Флойд спустился с дороги, встал, расставив ноги, и нахмурился:
— Ладно, вы двое, кончайте возню. Джорджи!
Тот поднялся с камня и подошел, стараясь ступать твердо, как его брат.
— С тобой все в порядке?
— Мне нужно кольнуться, — пожаловался Джорджи. — Ты же знаешь. В такое время даже кошки нервничают.
— Получишь, — пообещал Флойд.
Теодор и Билли-Джин обошли капот машины и встали рядом с Джорджи. Митч шагнул назад. Флойд обернулся к нему и холодно бросил:
— Эй, там? Все готовы?
— Прием, прием, — сухо пробормотал Митч, — вся банда в сборе... — Но, поймав едкую ухмылку Флойда, понял, что его юмор неуместен.

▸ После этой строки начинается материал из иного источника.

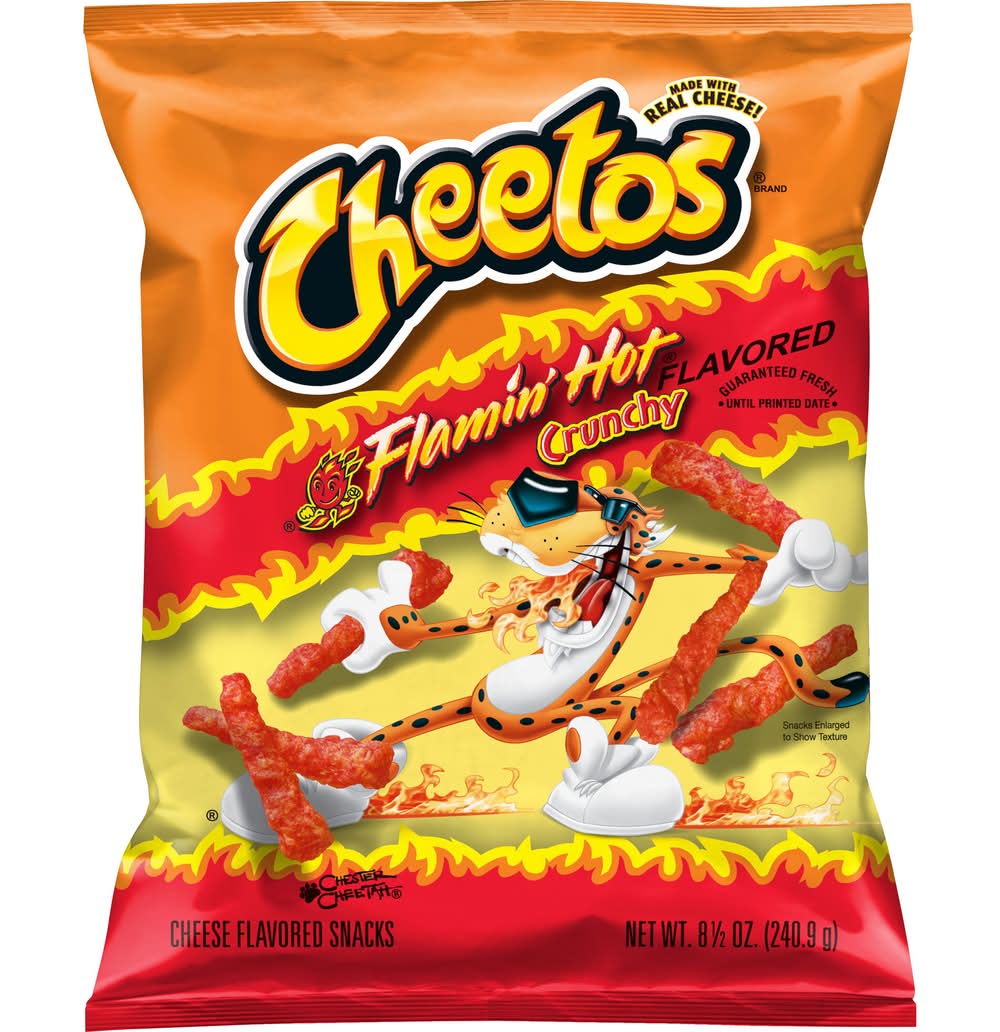 Cheetos Crunchy Snacks, Flamin Hot-Cheese (8.5 oz)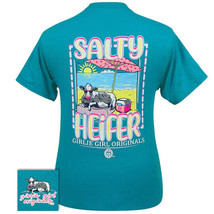 New Girlie Girl T Shirt Salty Heifer - £17.92 GBP+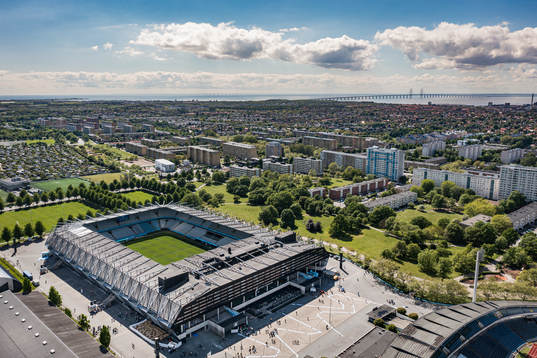 Drönarbild över Eleda Stadion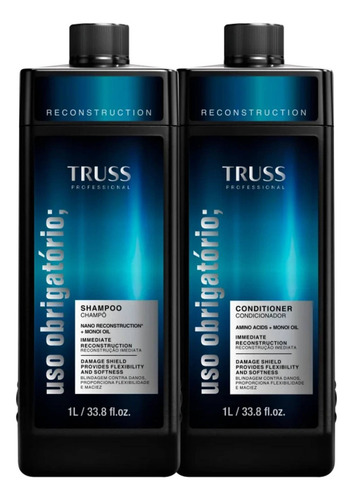 Kit Shampoo E Condicionador Uso Obrigatorio 1lt - Truss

— Ладно, Митч, остынь, — приказал Флойд. — Возьми фонарик, будь хорошим мальчиком.
Митч прошел мимо других к машине и достал фонарик из отделения для перчаток. Дважды проверив его, положил в карман. Флойд сделал несколько беззвучных знаков за его спиной. Когда Митч обернулся, то увидел, что Теодор, открыв багажник, вынимает деревяшки, из которых им предстояло составить пару «козлов».